Evaluate the difference quotient for the given function. Simplify your answer.

38. \(f\left( x \right) = \sqrt {x + 2} \), \(\frac{{f\left( x \right) - f\left( 1 \right)}}{{x - 1}}\)

Short answer

The expression is evaluated as \(\frac{{f\left( x \right) - f\left( 1 \right)}}{{x - 1}} = \frac{1}{{\sqrt {x - 2} + \sqrt 3 }}\).

Step-by-step solution

Obtain the function \(f\left( 1 \right)\)

Substitute 1 for \(x\) in the function \(f\left( x \right)\) to get the function \(f\left( 1 \right)\) as shown below:

\(\begin{aligned}f\left( 1 \right) &= \sqrt {1 + 2} \\ &= \sqrt 3 \end{aligned}\)

Obtain the expression for \(\frac{{f\left( x \right) - f\left( 1 \right)}}{{x - 1}}\)

Plug the expressions of \(f\left( x \right)\) and \(f\left( 1 \right)\) into \(\frac{{f\left( x \right) - f\left( 1 \right)}}{{x - 1}}\) and simplify as shown below:

\(\frac{{f\left( x \right) - f\left( 1 \right)}}{{x - 1}} = \frac{{\sqrt {x + 2} - \sqrt 3 }}{{x - 1}}\)
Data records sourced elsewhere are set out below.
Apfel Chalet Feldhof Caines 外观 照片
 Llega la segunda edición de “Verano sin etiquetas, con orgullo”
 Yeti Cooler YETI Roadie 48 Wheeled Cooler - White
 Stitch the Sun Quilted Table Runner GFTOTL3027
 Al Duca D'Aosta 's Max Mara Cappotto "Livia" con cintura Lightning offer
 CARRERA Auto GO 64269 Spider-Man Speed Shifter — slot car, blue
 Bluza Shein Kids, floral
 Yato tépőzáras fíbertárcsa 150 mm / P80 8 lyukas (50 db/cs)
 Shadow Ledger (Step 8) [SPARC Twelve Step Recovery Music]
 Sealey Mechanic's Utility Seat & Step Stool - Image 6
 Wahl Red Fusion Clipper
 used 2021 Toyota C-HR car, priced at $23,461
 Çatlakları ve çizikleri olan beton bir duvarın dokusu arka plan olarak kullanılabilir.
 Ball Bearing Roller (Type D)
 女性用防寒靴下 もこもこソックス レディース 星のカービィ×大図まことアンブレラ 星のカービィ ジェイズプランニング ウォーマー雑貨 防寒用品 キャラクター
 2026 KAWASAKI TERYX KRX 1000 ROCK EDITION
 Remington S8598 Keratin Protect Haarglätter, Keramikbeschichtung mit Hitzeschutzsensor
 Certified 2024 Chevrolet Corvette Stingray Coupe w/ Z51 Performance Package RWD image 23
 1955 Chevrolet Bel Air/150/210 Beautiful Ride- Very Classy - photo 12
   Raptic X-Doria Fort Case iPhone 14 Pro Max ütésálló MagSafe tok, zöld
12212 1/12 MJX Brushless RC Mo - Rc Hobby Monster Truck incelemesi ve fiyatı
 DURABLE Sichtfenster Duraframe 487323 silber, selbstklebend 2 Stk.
Rationalize the above function as shown below:

\(\begin{aligned}\frac{{f\left( x \right) - f\left( 1 \right)}}{{x - 1}} &= \frac{{\left( {\sqrt {x + 2} - \sqrt 3 } \right)}}{{x - 1}} \cdot \frac{{\left( {\sqrt {x + 2} + \sqrt 3 } \right)}}{{\left( {\sqrt {x + 2} + \sqrt 3 } \right)}}\\ &= \frac{{\left( {x + 2} \right) - 3}}{{\left( {x - 1} \right)\left( {\sqrt {x - 2} + \sqrt 3 } \right)}}\\ &= \frac{{x - 1}}{{\left( {x - 1} \right)\left( {\sqrt {x - 2} + \sqrt 3 } \right)}}\\ &= \frac{1}{{\sqrt {x - 2} + \sqrt 3 }}\end{aligned}\)

The expression \(\frac{1}{{\sqrt {x - 2} + \sqrt 3 }}\)cannot be simplified further. So, it is considered as final answer.